Set down again each entry exactly as it reads, pictures excluded.

[Short web captions]

————

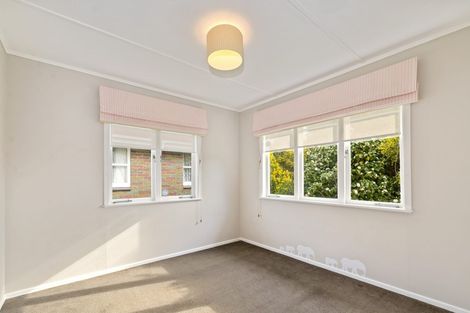 Photo of property in 15 Clyde Street, Utuhina, Rotorua, 3015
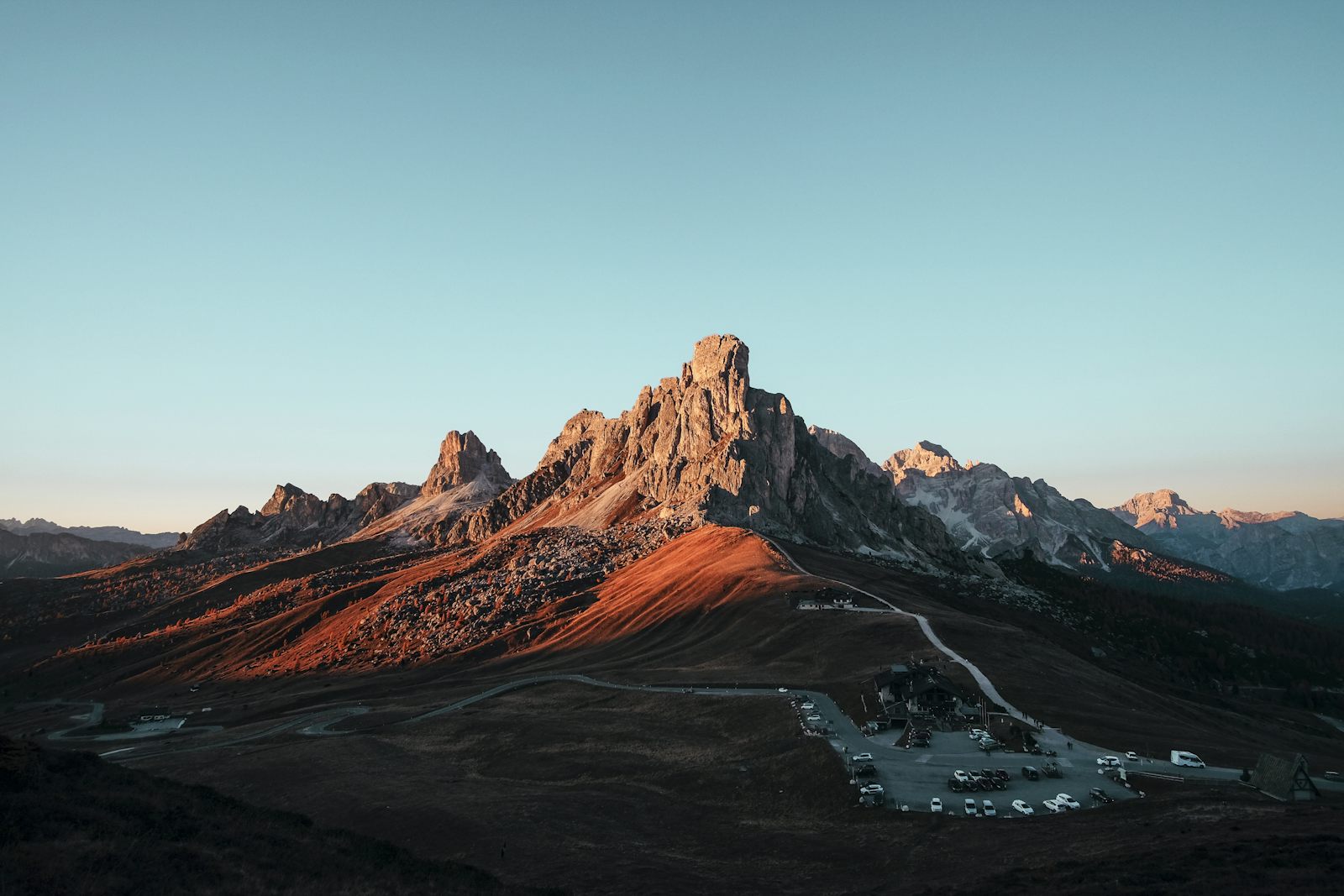 Massif alpin au lever du jour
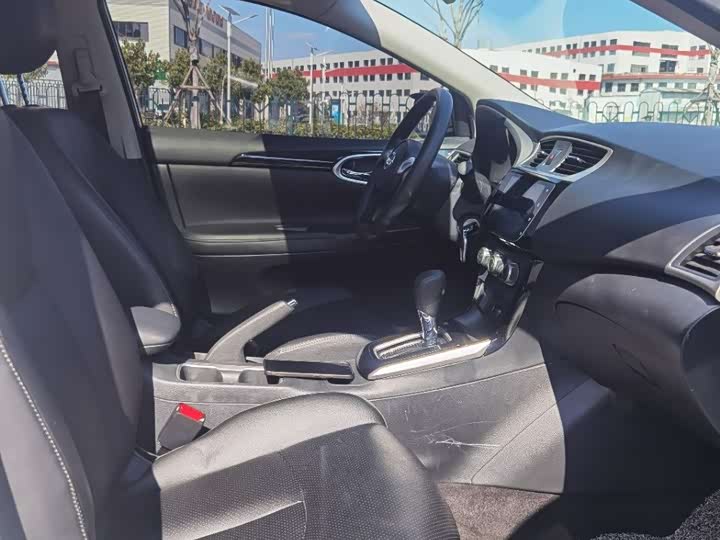 Фото 7 - Nissan Sylphy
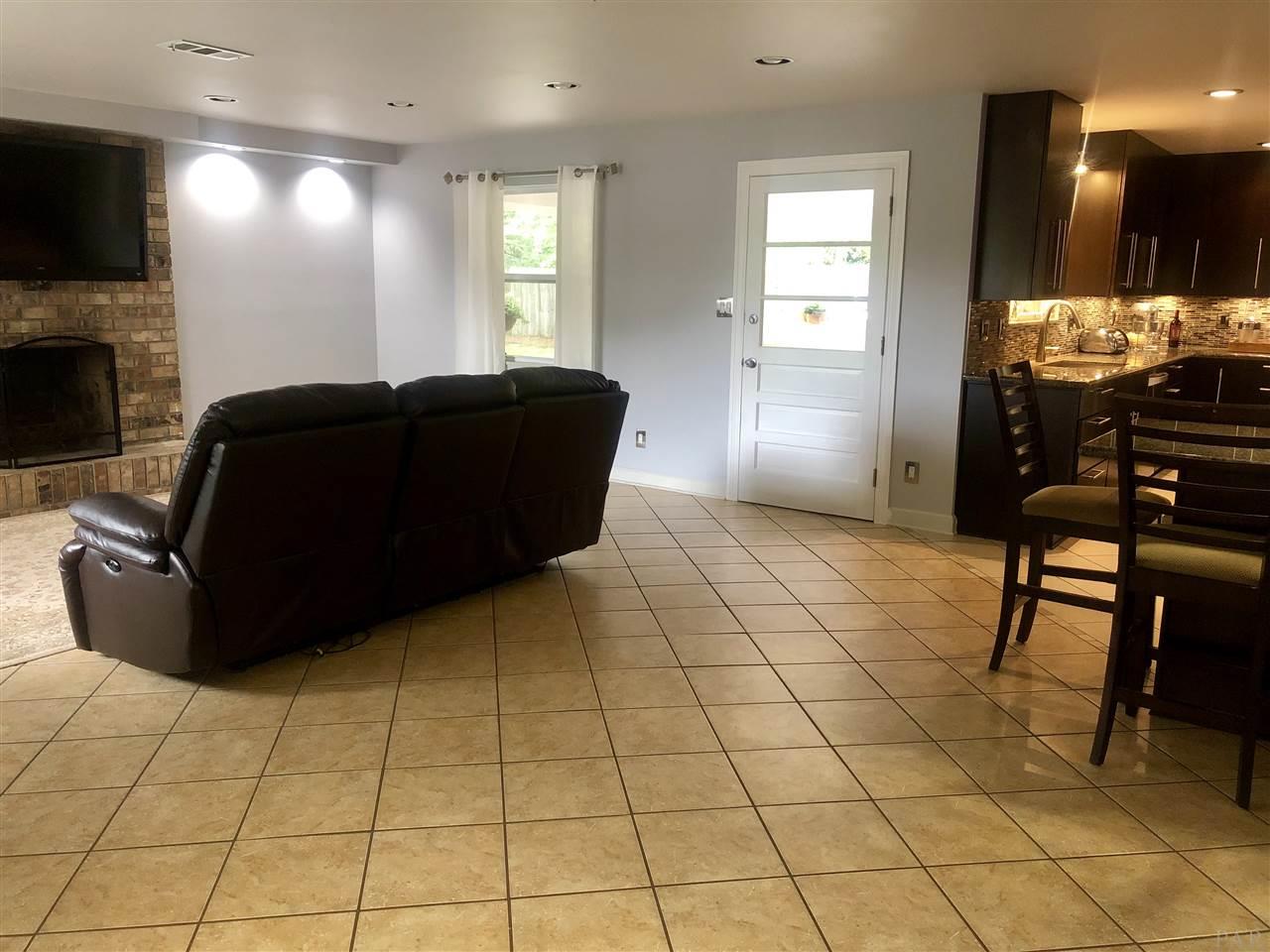 2170 Semur Road Pensacola, FL 32503 - Photo 14 of 27 Gallery Image 14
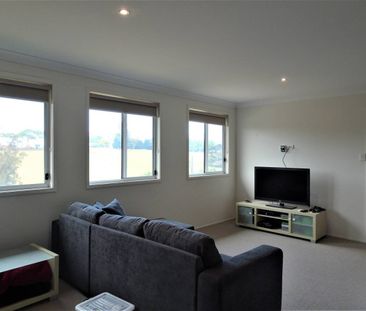 Spacious Family Home in Elambra - Photo 1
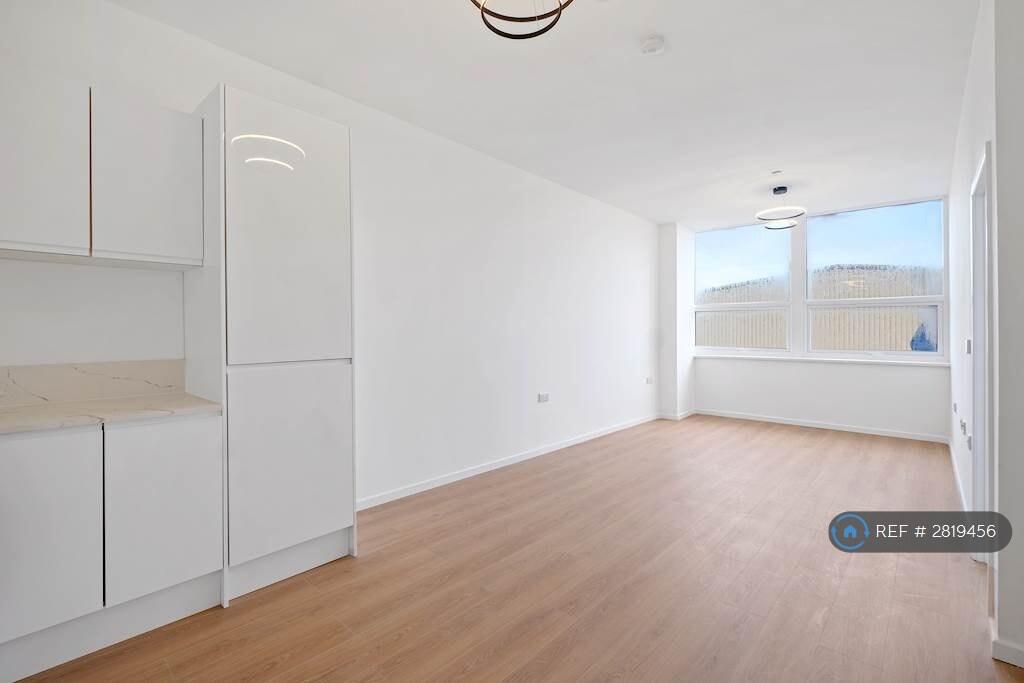 Sandwell, Sandwell, B66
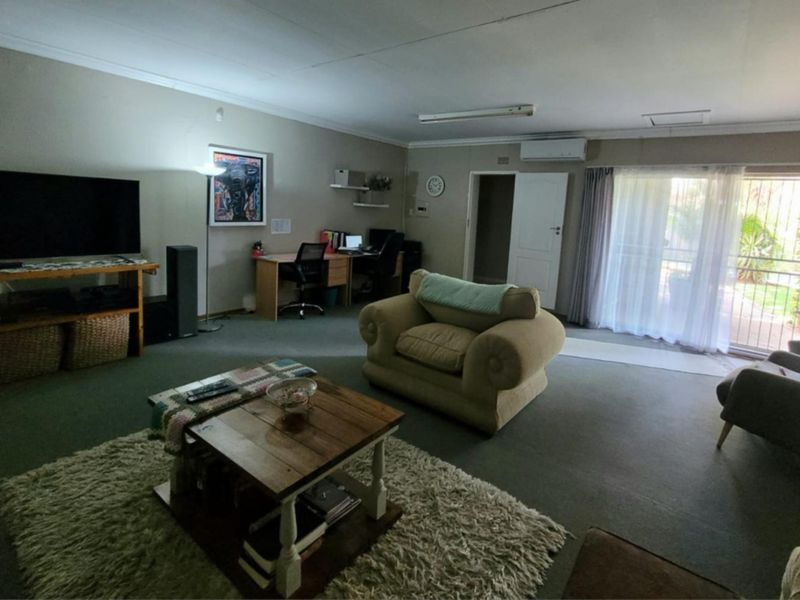 Beautiful family friendly home in RIebeeckstad for sale - Photo 6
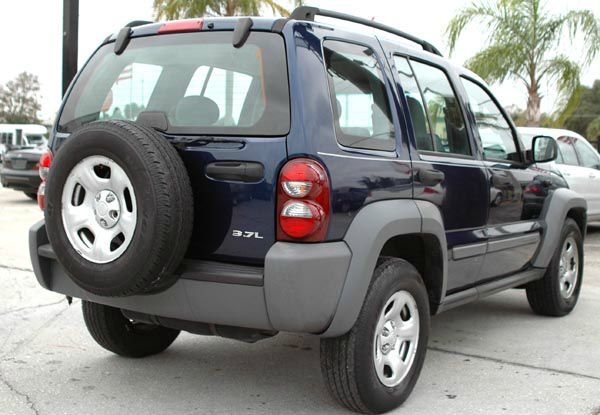 Jeep Liberty Extended Cab V8 LT W/1lt SUV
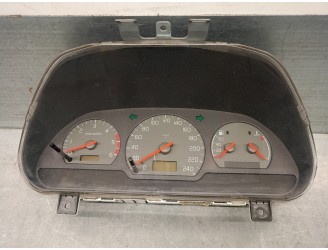 Recambio de cuadro instrumentos para volvo v40 familiar td referencia OEM IAM 30883040B 8251202 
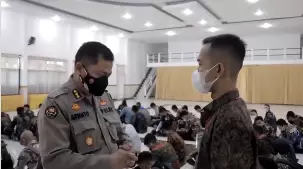 Tukang parkir di polres jadi polisi © Instagram/@divisihumaspolri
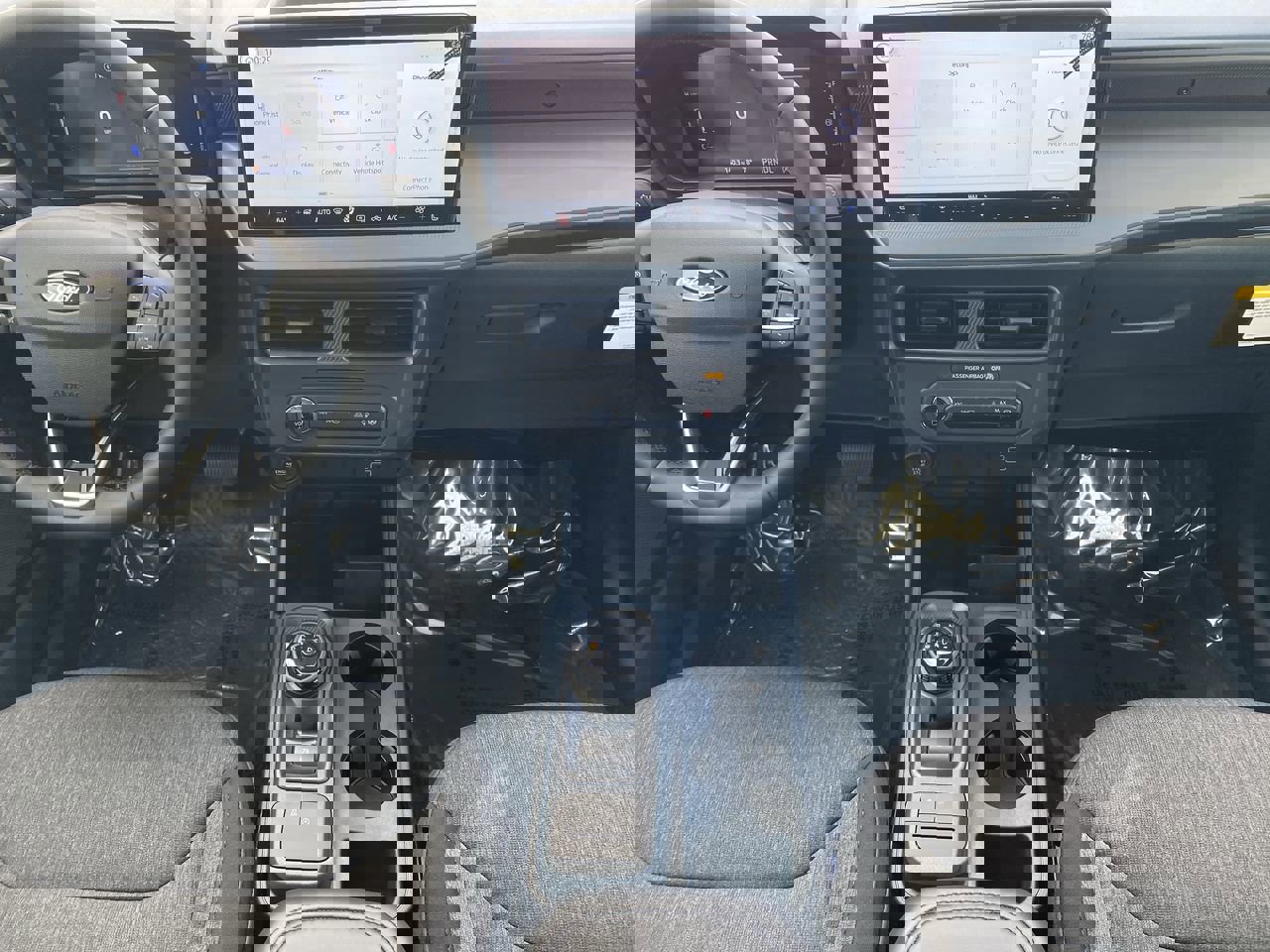 2025 Ford Maverick XLT - Photo 14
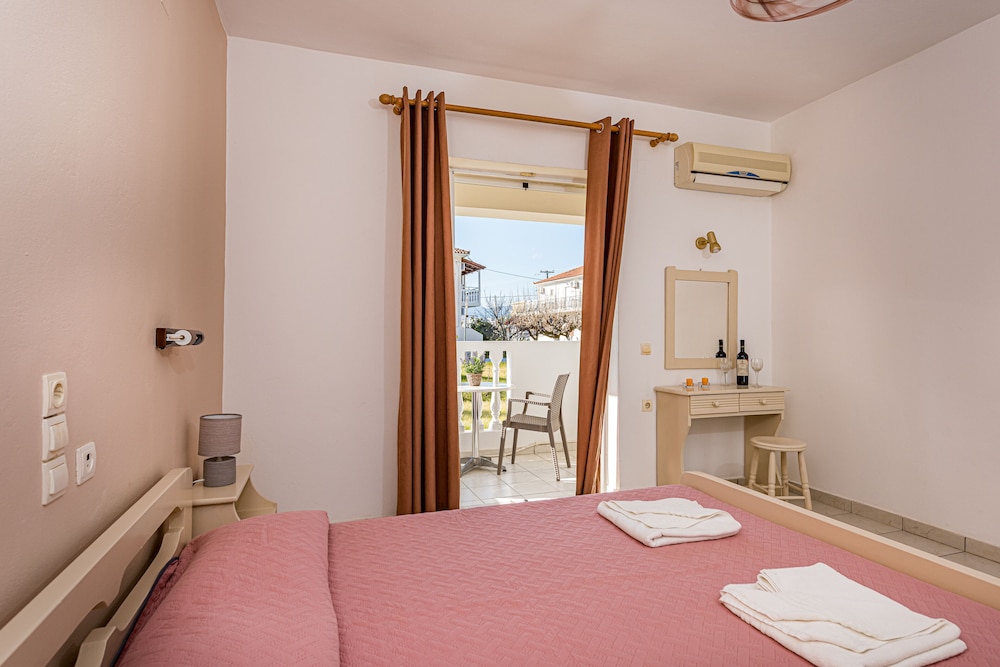 Basic Studio, 2 Twin Beds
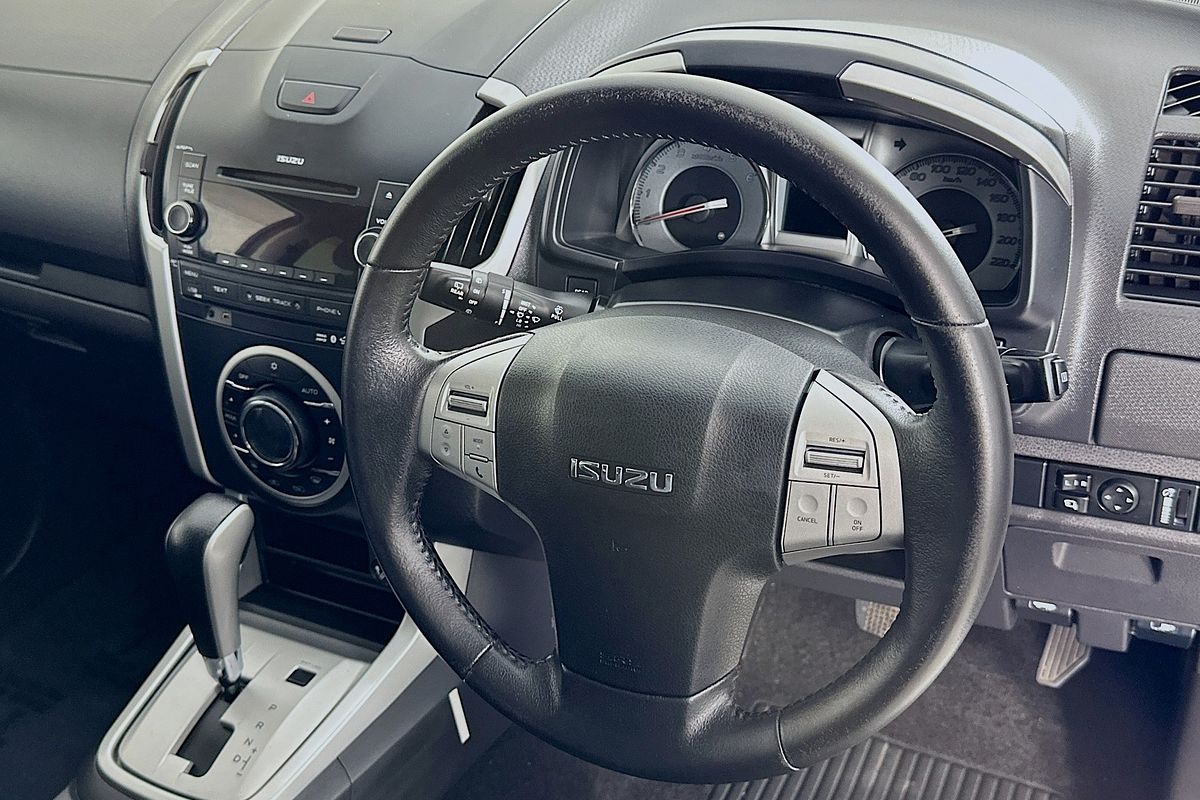 2015 Isuzu MU-X LS-U (4x2) UC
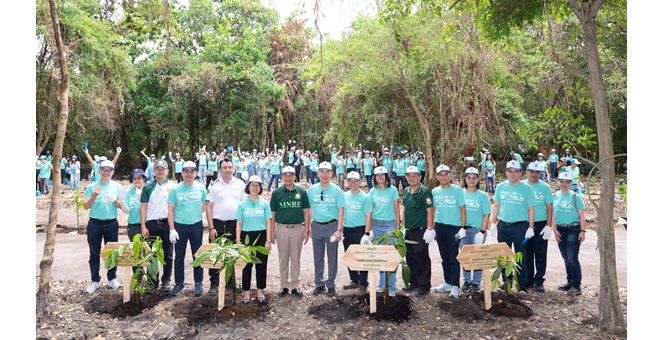 ผู้บริหารและพนักงาน ปตท.สผ. ร่วมกันปลูกต้นไม้เพิ่มพื้นที่สีเขียวในโอกาสครบ 40 ปี
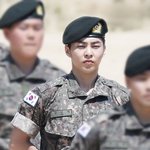군대도 어케 기다리다보니 결국 <b>제대</b>날이오는구나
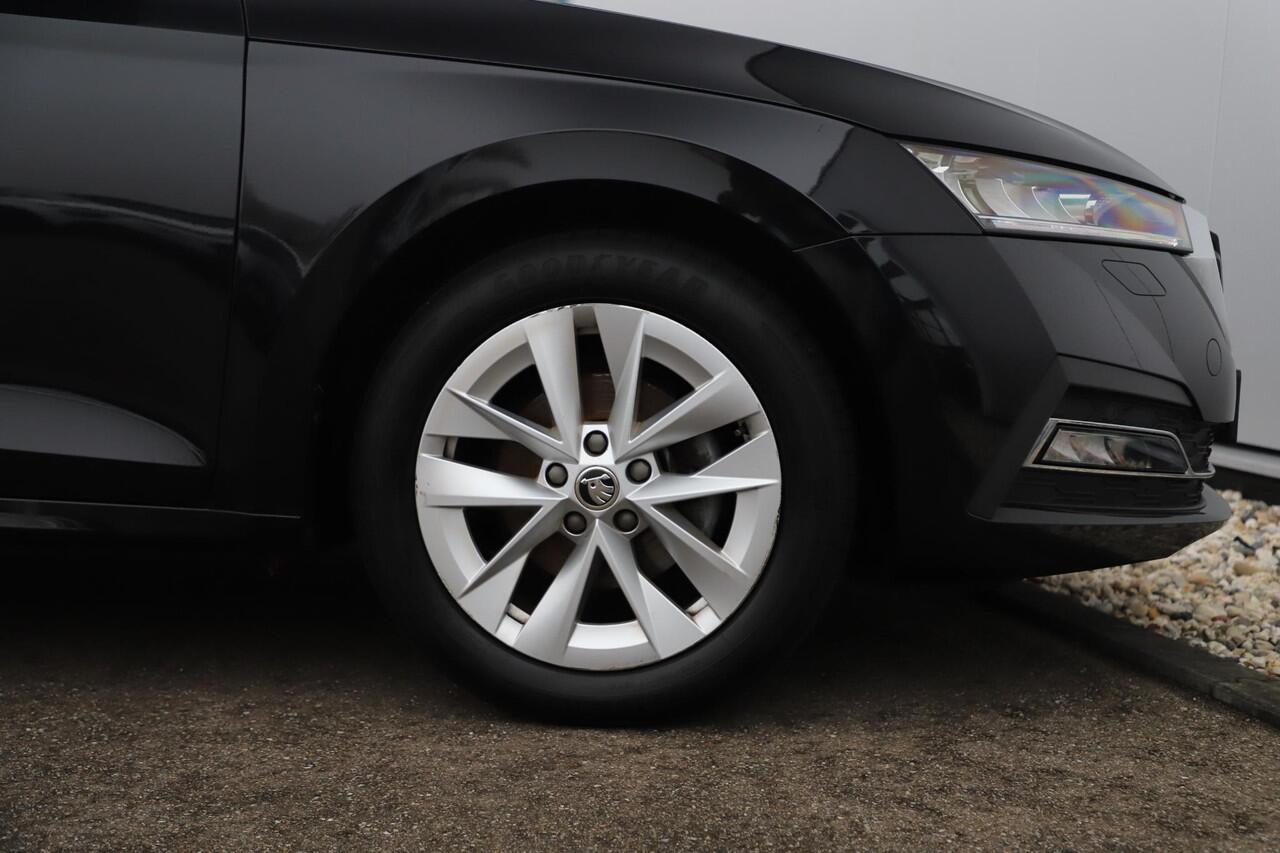 Skoda OCTAVIA Combi 1.0 TSI Business Edition Plus Leder Trekhaak Virtual Cockpit Navigatie Carplay Android Climate Control Adaptive Cruise Achteruitrijcamera Stoelverwarming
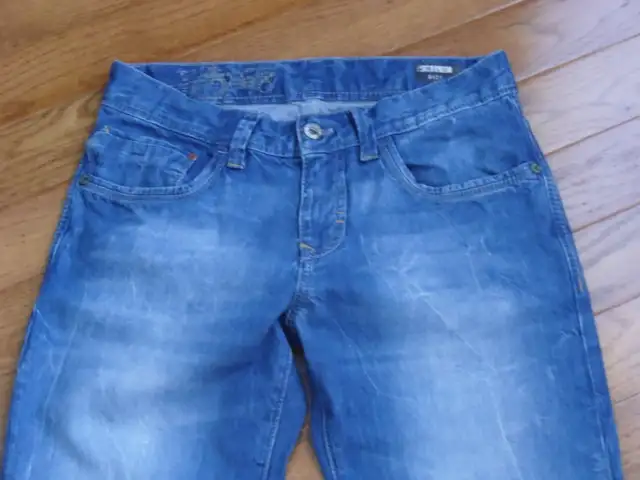 Gap, Esprit, Hollister, Aeropostale Old navy  chinos pants in Men's in Markham / York Region - Image 5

————

=== Answer for the task ===
 Photo of property in 15 Clyde Street, Utuhina, Rotorua, 3015
 Massif alpin au lever du jour
 Фото 7 - Nissan Sylphy
 2170 Semur Road Pensacola, FL 32503 - Photo 14 of 27 Gallery Image 14
 Spacious Family Home in Elambra - Photo 1
 Sandwell, Sandwell, B66
 Beautiful family friendly home in RIebeeckstad for sale - Photo 6
 Jeep Liberty Extended Cab V8 LT W/1lt SUV
 Recambio de cuadro instrumentos para volvo v40 familiar td referencia OEM IAM 30883040B 8251202 
 Tukang parkir di polres jadi polisi © Instagram/@divisihumaspolri
 2025 Ford Maverick XLT - Photo 14
 Basic Studio, 2 Twin Beds
 2015 Isuzu MU-X LS-U (4x2) UC
 ผู้บริหารและพนักงาน ปตท.สผ. ร่วมกันปลูกต้นไม้เพิ่มพื้นที่สีเขียวในโอกาสครบ 40 ปี
군대도 어케 기다리다보니 결국 <b>제대</b>날이오는구나
 Skoda OCTAVIA Combi 1.0 TSI Business Edition Plus Leder Trekhaak Virtual Cockpit Navigatie Carplay Android Climate Control Adaptive Cruise Achteruitrijcamera Stoelverwarming
 Gap, Esprit, Hollister, Aeropostale Old navy  chinos pants in Men's in Markham / York Region - Image 5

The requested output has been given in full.